Be aware of your stress levels. Day trading can be stressful as it requires constant attention and motivation. You can counter this by taking time to think about your priorities. Get some perspective on trading and its place in your life. Increased stress levels can have a negative impact on your trading decisions so, if you feel like your stress levels are rising, it's probably a good time to step away. You can come back to trading later when you are in the right frame of mind.
Have a flexible approach. When you're trading it's also necessary to be flexible with your positions. Market conditions can change rapidly and so you need to be flexible in your approach. You need to be ready to adapt to changing market conditions all the time if you want to stay ahead.
Stick to your chosen market and a particular timeframe. These are two parameters you can control in an environment that can change very quickly.
Never be afraid of realising your profits. If you find that you have exited a trade at a profit but the trend continues, don't regret your decision. Let the other traders out there fight over the last part of the move. You have made a profit, which is a lot better for your account balance than making a loss, and you can start looking for the next opportunity. If you worry that you are continually exiting too early and are missing out on profits, you could design and test a re-entry technique. If, as a short- term trader, you find yourself making more profits than losses, you shouldn't worry too much about taking profits a little bit early sometimes.
When you are running a particular trade you should look to write down your reasons for entering it. This will help you later when you wish to evaluate your past trades in order to learn from them. By keeping good records and writing down precisely why you entered the trade you can increase your learning curve and success.
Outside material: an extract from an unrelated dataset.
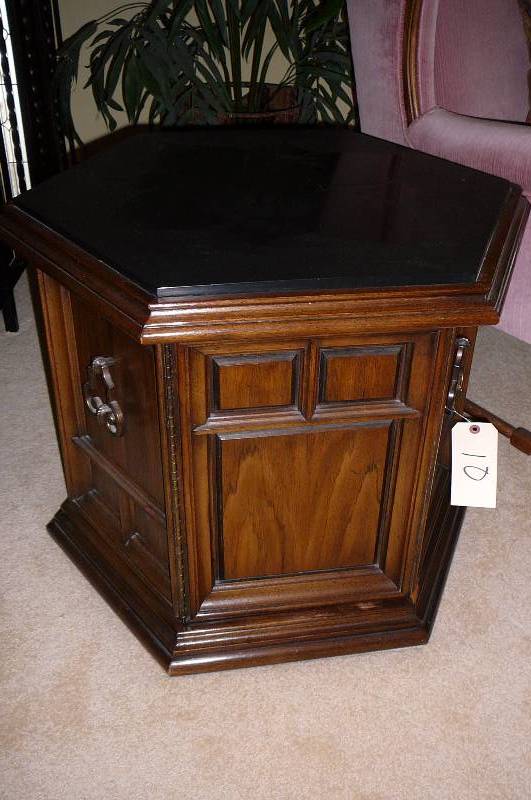 lot 10 image: Oak Octagon end table 22 h X 29 w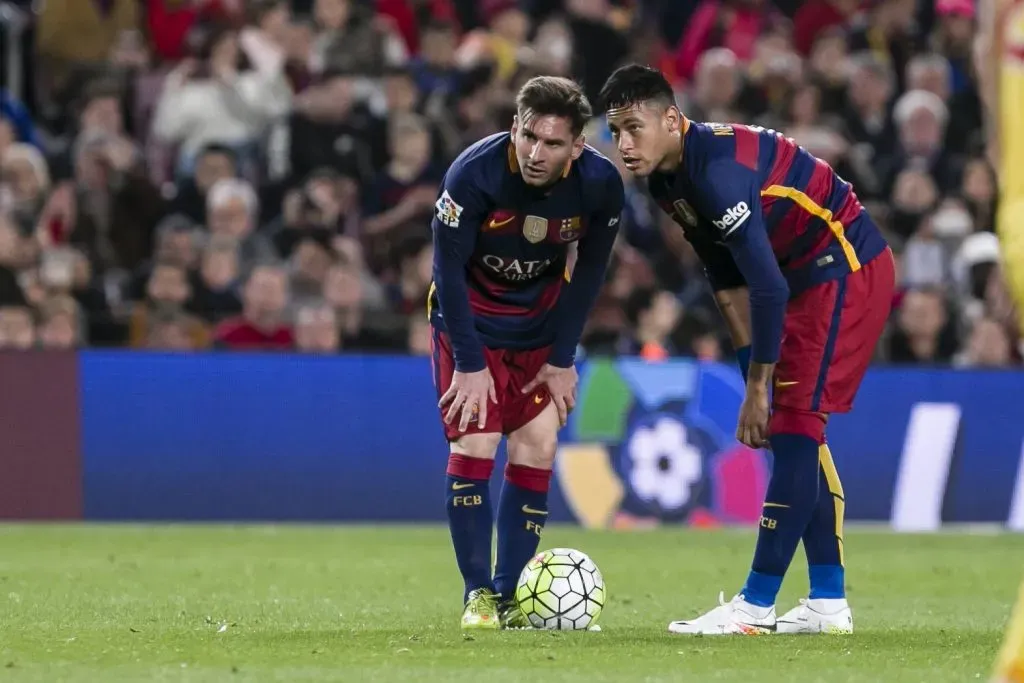 Lionel Messi e Neymar Jr. durante a partida da La Liga entre Barcelona e Sporting de Gijón, correspondente à 35ª jornada, disputada no Estádio Camp Nou em 23 de abril de 2016, em Barcelona, Espanha. (Foto: IMAGO / Cordon Press/Miguelez Sports)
Taking the extra time to do this can help you improve your trading.
You also need to have a clear picture of whether you are ahead or lagging behind for the day, week or month. Keep these numbers handy as you need to take responsibility for them. We all know that there is a lot to be learned from hindsight so, after you have been day trading for a month, take some time to evaluate what you have done. Look at your trades and ask yourself what you would do differently if you could do the trade again. This can help you to become a more consistent and successful trader in the long term.